:: Stored data ::
*** Block opens ***
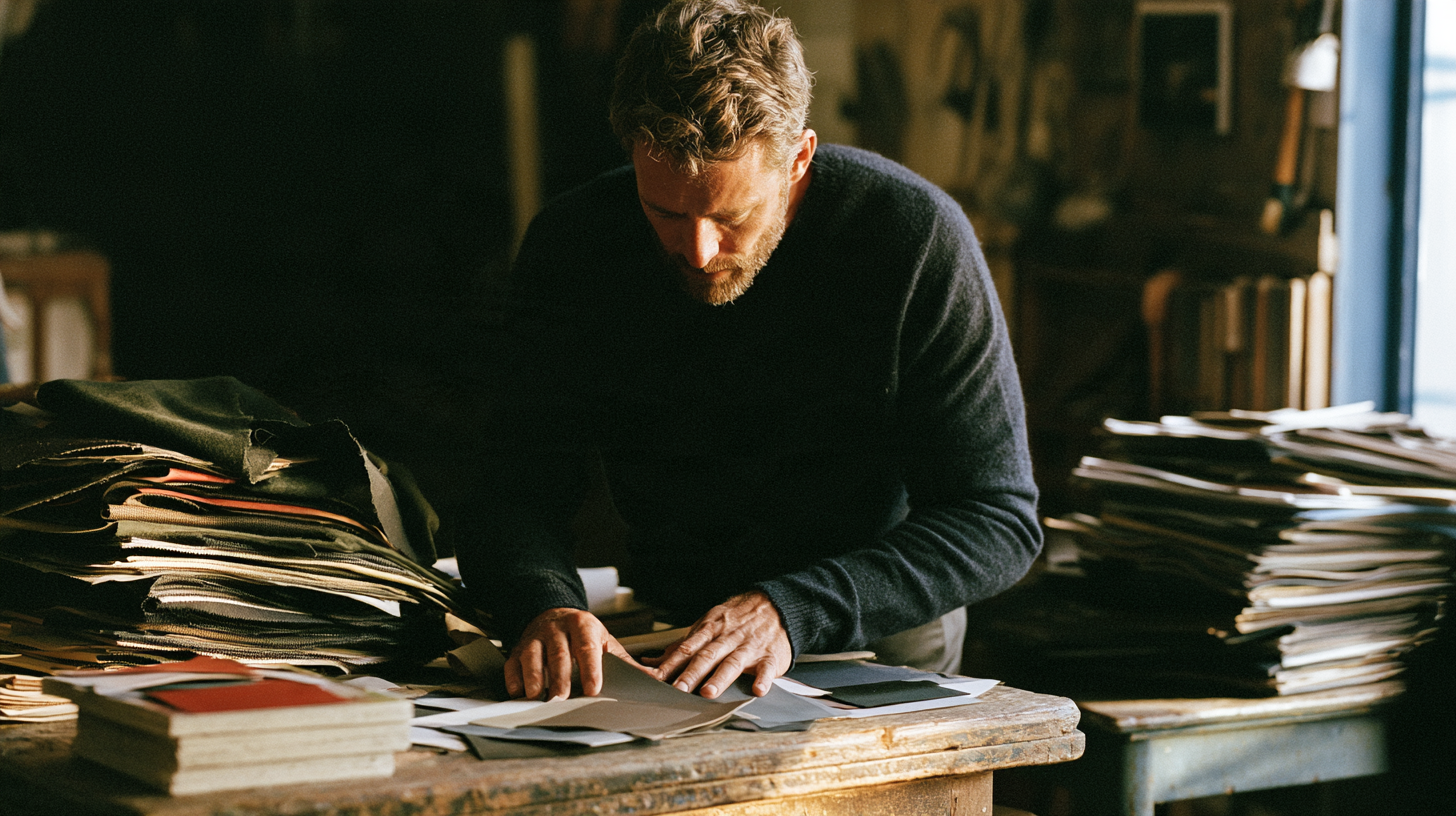 man laying out an assortment of color swatches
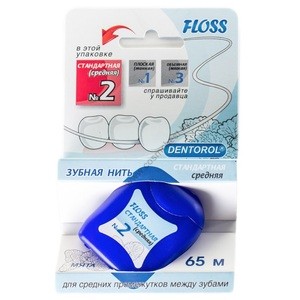 Зубная нить Dentorol N2  Стандартная (средняя) 65м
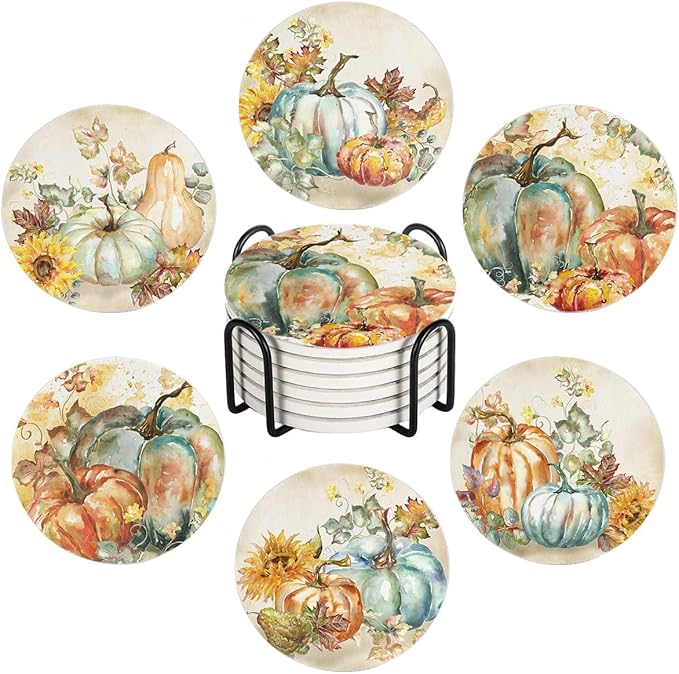 Fall Drink Absorbent Coasters with Holder Set of 6, Ceramic Stone with Cork Base, Watercolor Vintage Orange Pumpkin and Sunflowers Coaster for Drinks, Gift for Housewarming Room Bar Home Decor Kitchen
*** Block closes ***
:: Exercise ::
Once you find the line with "Зубная нить Dentorol", restate it and every later line of the data word for word, excluding the pictures.

:: Output ::
 Зубная нить Dentorol N2  Стандартная (средняя) 65м
 Fall Drink Absorbent Coasters with Holder Set of 6, Ceramic Stone with Cork Base, Watercolor Vintage Orange Pumpkin and Sunflowers Coaster for Drinks, Gift for Housewarming Room Bar Home Decor Kitchen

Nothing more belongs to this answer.